Below are entries; repeat exactly, and nothing else, the lines from the one holding "Alicates Profesionales de" through the one holding "Pikkukuva 1 /", inclusive. Leave the pictures out.

Material shown —
******
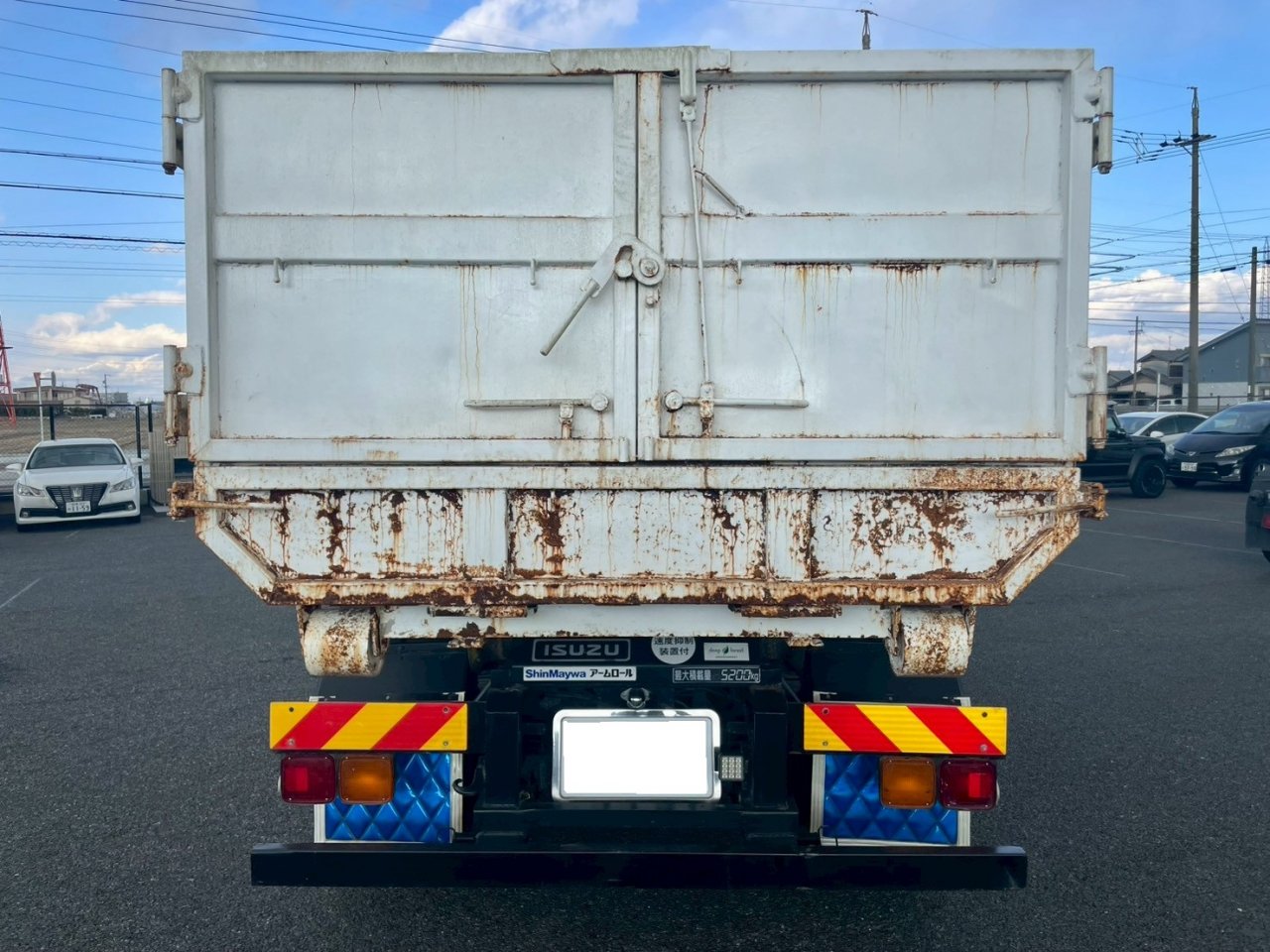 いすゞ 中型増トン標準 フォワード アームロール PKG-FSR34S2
******
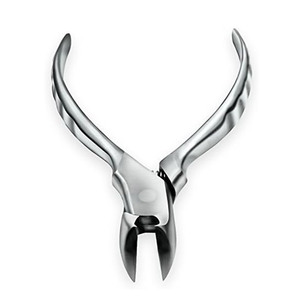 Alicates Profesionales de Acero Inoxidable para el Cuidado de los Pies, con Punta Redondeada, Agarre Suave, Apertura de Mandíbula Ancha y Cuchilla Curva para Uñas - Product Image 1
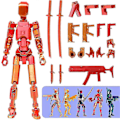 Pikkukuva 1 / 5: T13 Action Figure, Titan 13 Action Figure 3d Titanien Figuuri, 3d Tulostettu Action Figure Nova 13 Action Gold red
******
Answer space —
 Alicates Profesionales de Acero Inoxidable para el Cuidado de los Pies, con Punta Redondeada, Agarre Suave, Apertura de Mandíbula Ancha y Cuchilla Curva para Uñas - Product Image 1
 Pikkukuva 1 / 5: T13 Action Figure, Titan 13 Action Figure 3d Titanien Figuuri, 3d Tulostettu Action Figure Nova 13 Action Gold red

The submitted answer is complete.